Feldman’s first foray into Celebrity Boxing, in 1997, was limited in scope, the main event pitting Diego Ramos, a Philadelphia disc jockey, and John Bolaris, a weatherman for a Philly TV station. But Bolaris, a good-looking guy who got frequent mentions in Gross’ gossip column for his man-about-town squiring of a steady stream of beautiful and high-profile women, was the prototype of the type of participant Feldman knew could fill a 500- to 800-seat room. Bolaris would have been an even more surefire draw if his appearance had come 13 years later, when he was drugged by a couple of Russian bar girls working for an international crime syndicate in Miami’s South Beach. Seeking to confront the women, Bolaris met with them again, was slipped another roofie and awoke hours later with a pounding headache and $43,000 worth of charges on his American Express card. He contacted law enforcement officials, which led to 17 arrests, but instead of being hailed as a hero for the busting of so many nefarious types, as Bolaris had hoped, he was roundly derided for finding himself in such a humiliating situation and was fired by his station.

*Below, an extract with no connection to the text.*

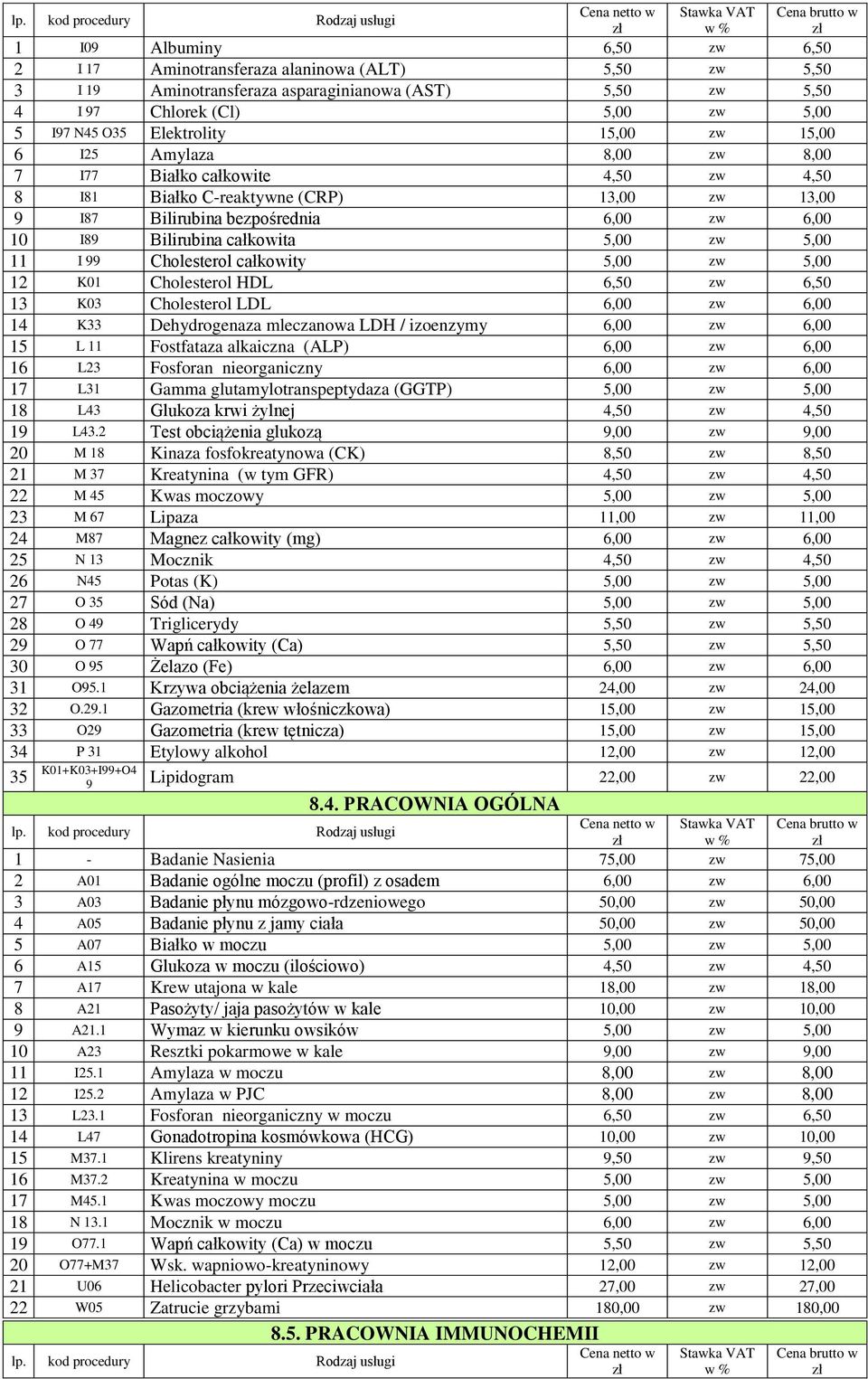 zw 5,00 11 I 99 Cholesterol całkowity 5,00 zw 5,00 12 K01 Cholesterol HDL 6,50 zw 6,50 13 K03 Cholesterol LDL 6,00 zw 6,00 14 K33 Dehydrogenaza mleczanowa LDH / izoenzymy 6,00 zw 6,00 15 L 11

In other words, Bolaris at almost any stage of his television career was just the sort of “celebrity” that Feldman has sought out like a heat-seeking missile.

“I was a young guy, suffering and depressed,” Feldman said of his state of mind after his boxing career ended and his promoter’s license yanked. “Doing Celebrity Boxing shows became, like, my high. I just loved doing what I was doing. Anybody whose name was in the tabloids I tried to get in my ring. It’s like my nickname. I try to give all of them their 16th minute of fame.”

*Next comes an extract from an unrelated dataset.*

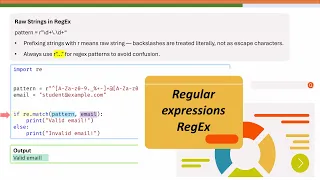 Regular expressions in Python RegEx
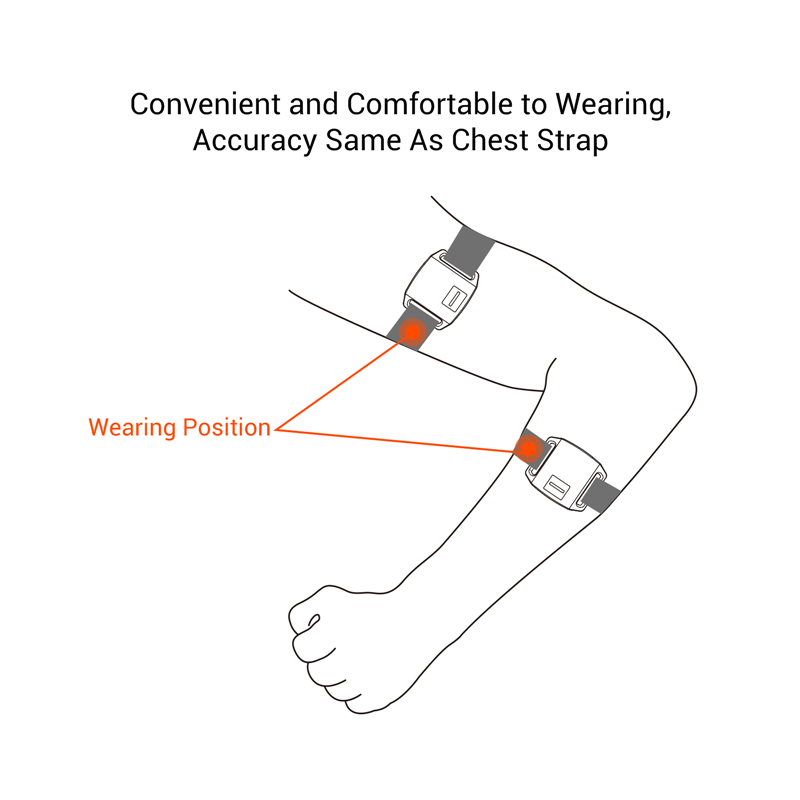 COOSPO HW706 Monitor Tętna Opt – Cycling Heart Rate Monitor recenzja i cena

For appearance fees ranging from $1,500 to $5,000, Feldman has successfully enticed a string of down-on-their-luck notables to swing away at others of their ilk. Even when he failed to make sensationalistic bouts that were purposefully leaked to the media, he got the kind of publicity that promoters of “real” boxing would kill for. He attempted to pair Rodney King, the “Can’t we all just get along?” victim of a 1991 beatdown by Los Angeles cops, with one of the police officers involved in the incident, which drove the Rev. Al Sharpton to near-hysterics. The LA cop didn’t participate, but King mixed it up with an ex-cop from Chester, Pa., Simon Aouad, whom King defeated.

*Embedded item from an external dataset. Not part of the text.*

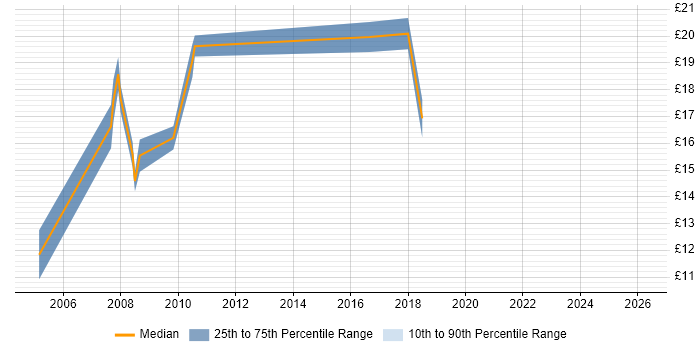 Contractor hourly rate distribution trend for jobs in Romford citing Microsoft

Another proposed fight that got lots of media attention but didn’t happen would have pitted Marvin Hagler Jr. against Ray Leonard Jr., the non-boxer sons of legendary fighting fathers. But it’s not just the near-misses with which Feldman has generated headlines; his most successful promotion to date was a matchup of Canseco, the steroid-fueled slugger of 462 major league home runs and the author of a tell-all book which outed Oakland teammate Mark McGwire as a fellow juicer, and a grown-up Bonaduce, the freckle-faced, red-haired kid everyone remembered from his time on TV sitcom The Partridge Family. Canseco seemingly got the better of Bonaduce, a friend of Feldman’s, over three rounds, but the fight ended in a controversial draw (even Celebrity Boxing outcomes apparently can be disputed), leading to accusations that the fix was in.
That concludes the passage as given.